Transcribe word for word the section of the records below that opens with the line containing "Fuego Brillante Llama" and closes with the line containing "Feira de Ciências - 2017"; drop every picture.
START EXERCISE MATERIALS
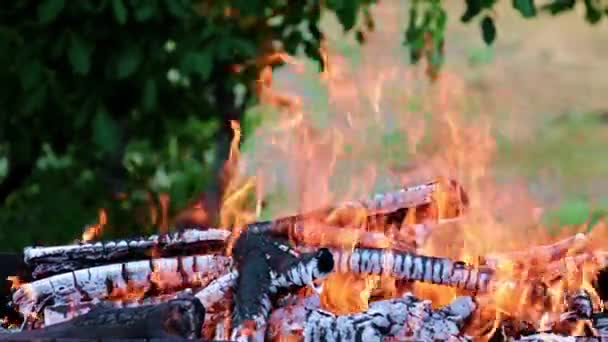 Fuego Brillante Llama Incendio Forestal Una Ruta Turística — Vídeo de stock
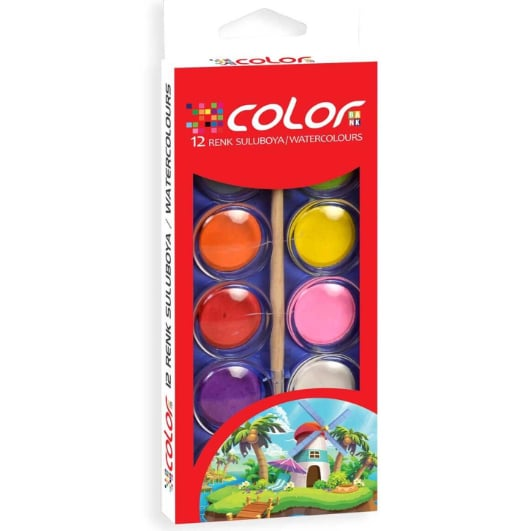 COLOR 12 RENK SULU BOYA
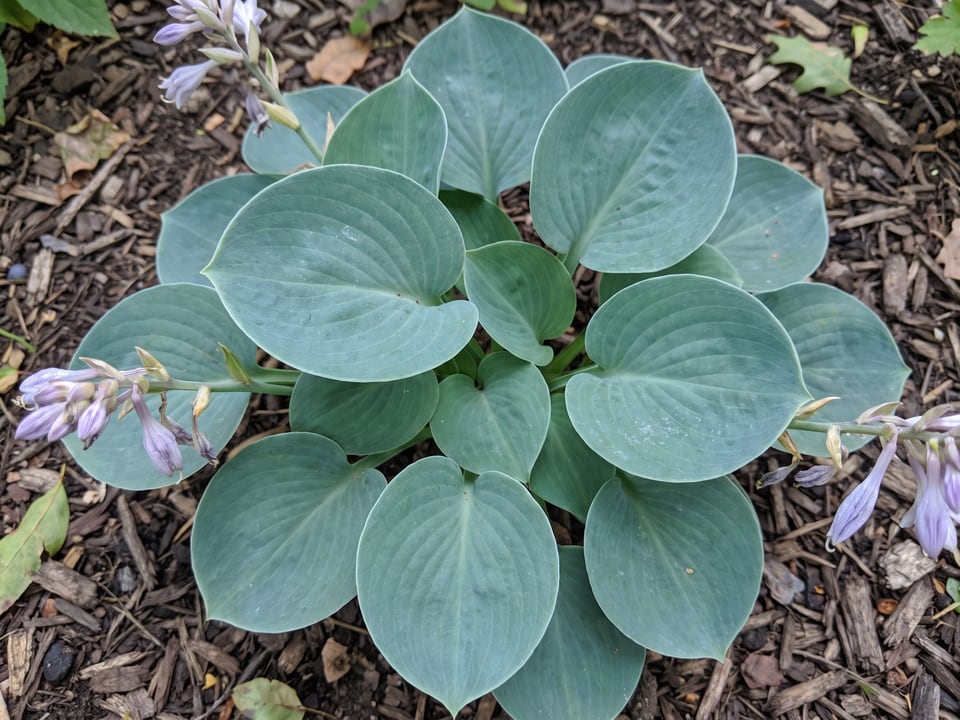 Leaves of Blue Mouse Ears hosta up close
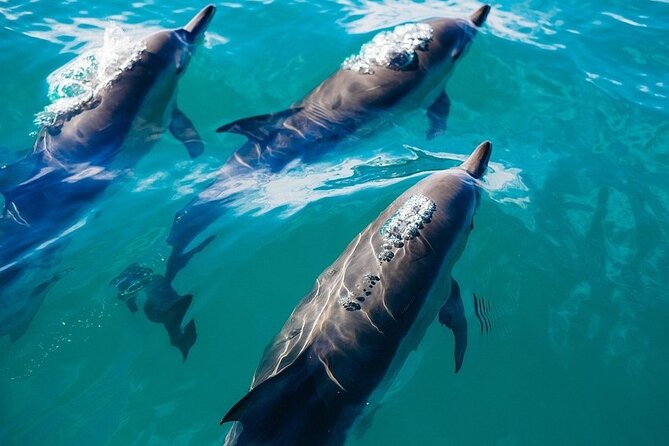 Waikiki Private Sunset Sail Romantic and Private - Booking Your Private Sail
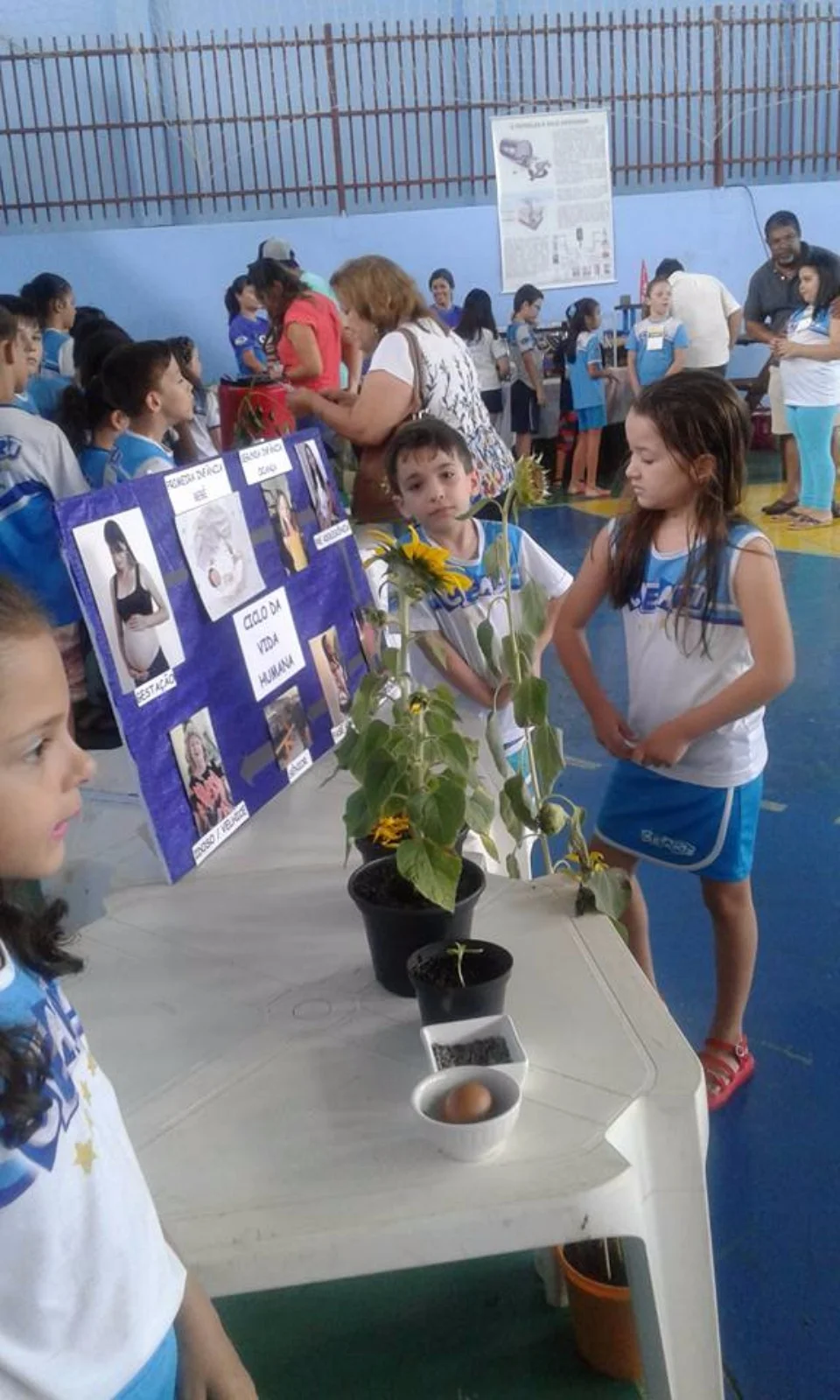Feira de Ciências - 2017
END EXERCISE MATERIALS
START EXERCISE MATERIALS
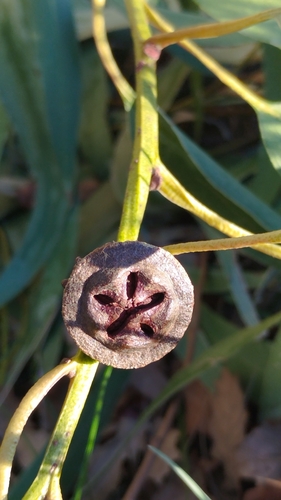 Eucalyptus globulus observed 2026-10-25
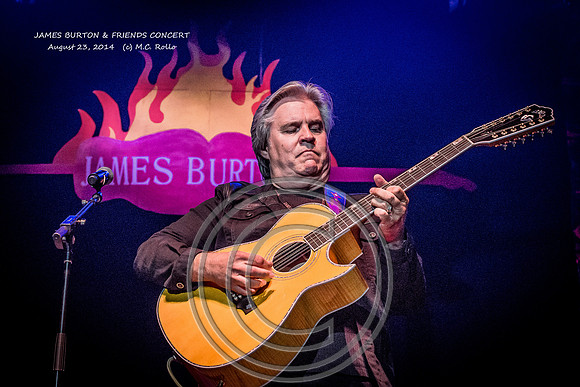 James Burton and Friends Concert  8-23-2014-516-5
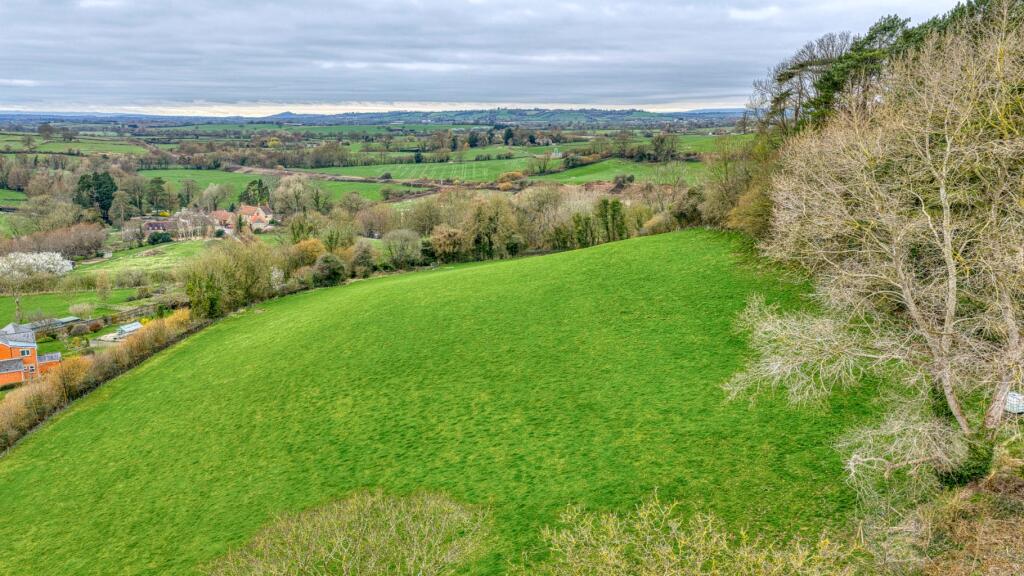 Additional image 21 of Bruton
END EXERCISE MATERIALS
- **RESPONSE TO THIS EXERCISE**
 Fuego Brillante Llama Incendio Forestal Una Ruta Turística — Vídeo de stock
 COLOR 12 RENK SULU BOYA
 Leaves of Blue Mouse Ears hosta up close
 Waikiki Private Sunset Sail Romantic and Private - Booking Your Private Sail
Feira de Ciências - 2017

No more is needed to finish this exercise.